Global private credit offers Australian investors the opportunity to access deep, diverse, and mature international credit markets. What makes global private credit a compelling alternative and why is now the right time to invest?

A once in a generation opportunity? 

Conditions for floating rate private credit are the best they have been for a generation.

Rising interest rates and banking stress (in the US) led to a minor credit crunch. The full implications of the record increase in the cost of capital will continue to play out across the credit spectrum as the shifting gears of rate rises work through the real economy and credit markets.

Diverging conditions across global credit markets (both structural and cyclical) present a range of unique opportunities for non-bank lenders and investors.
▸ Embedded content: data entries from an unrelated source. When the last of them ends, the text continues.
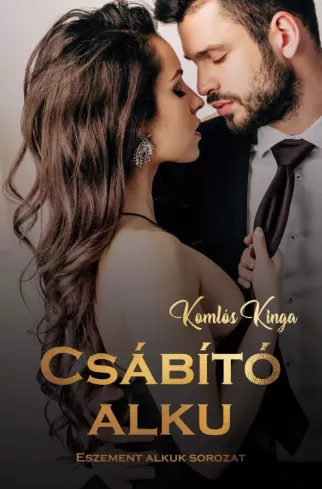 Csábító alku borító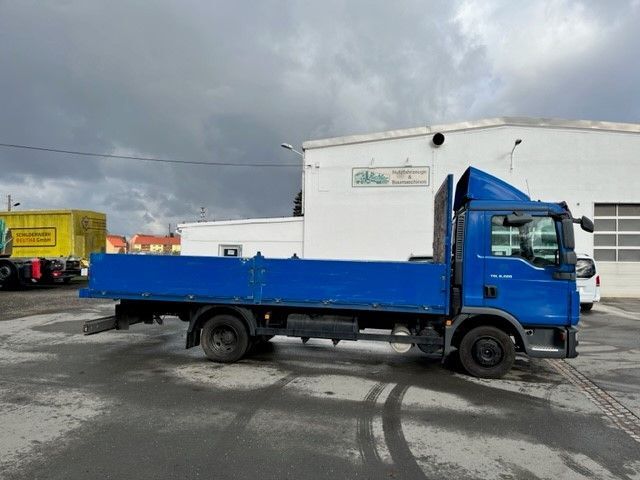 MAN TGL 8.220FG - Бордови камион: снимка 2 MAN TGL 8.220FG - Бордови камион: снимка 2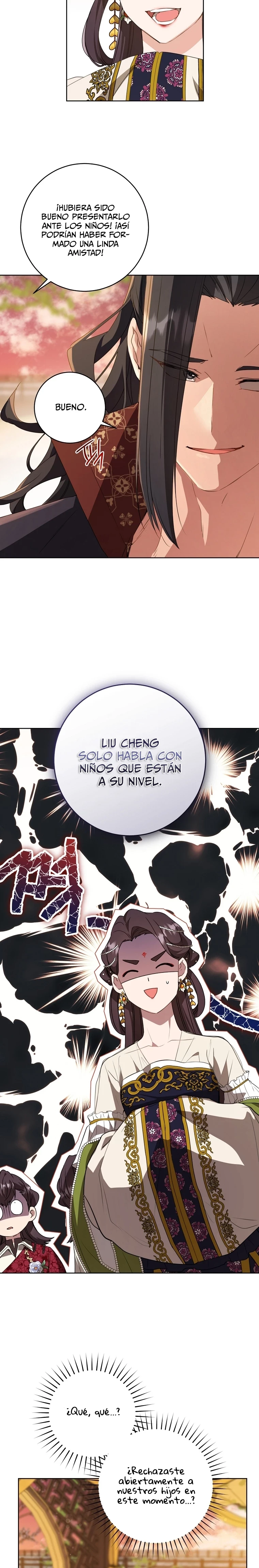 Me Convertí En La Nieta Despreciada De La Poderosa Familia De Artes Marciales - Capítulo 23 - Página 24 - LectorTMOo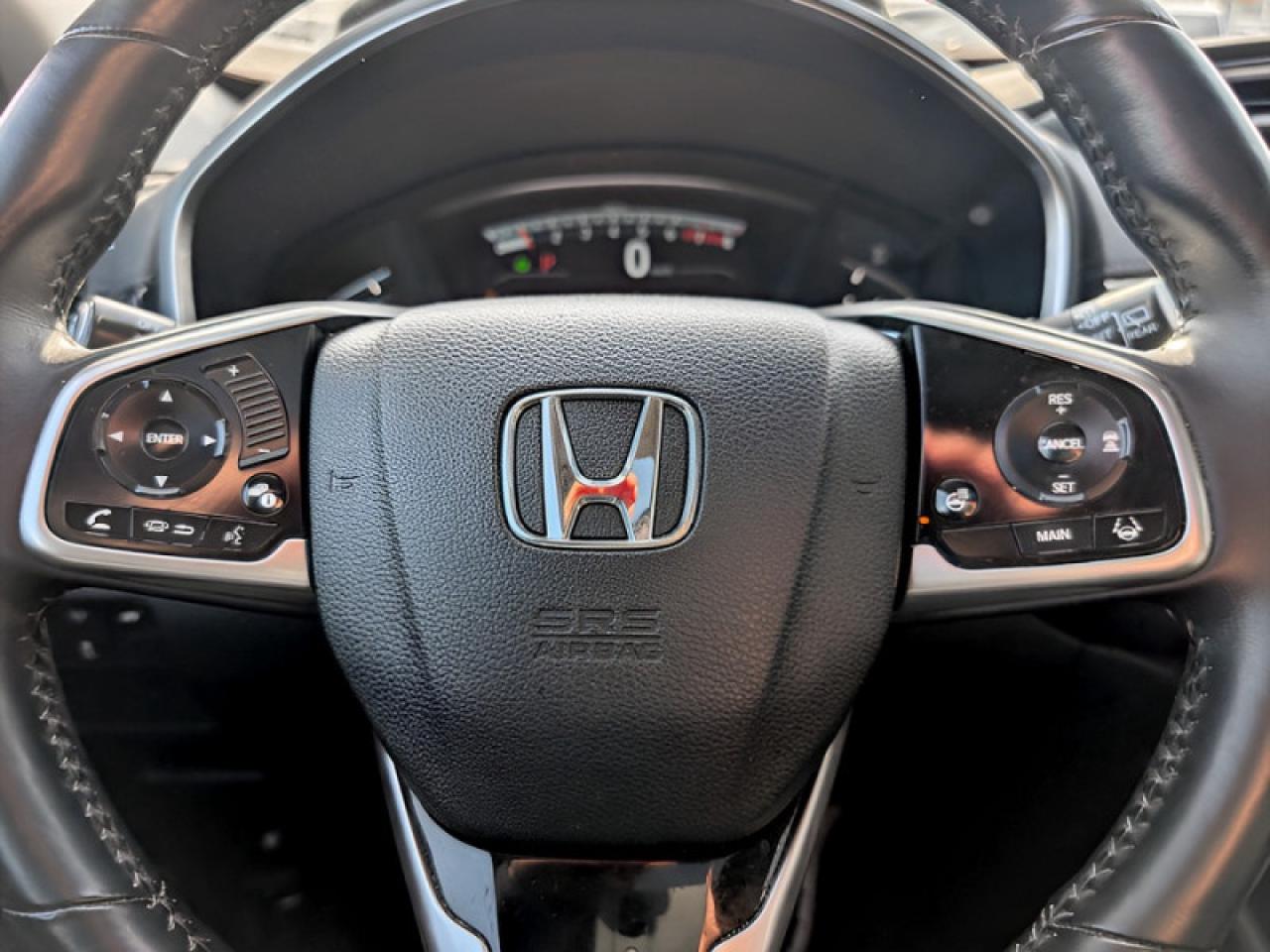 2017 Honda CR-V EX-L  **AWD - LEATHER - SUNROOF** Photo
Global private credit offers defensive portfolio diversification and robust characteristics to safeguard capital – asset collateral, security dynamics, bespoke structures, terms and covenants, equity and income buffers, control rights and triggers.

For Australian investors, it provides access to some of the best opportunities in specialty finance, and unique products currently not available in the domestic credit market.

How is global private credit different?

Credit markets operate within similar limits across global regions, although the maturity, depth, and range of securities on offer varies widely. In the US, despite familiar investment fundamentals, there are important structural differences compared with Australia’s relatively nascent (but rapidly expanding) private credit sector.

The US operates a vast, mature, and highly liquid credit market with considerable funding efficiency. Non-bank lenders account for 80% of the credit market in some segments.1 US credit markets are designed around an ‘originate to distribute’ model. Loan originators sell loans to third party funders (in exchange for fees) with no retention risk.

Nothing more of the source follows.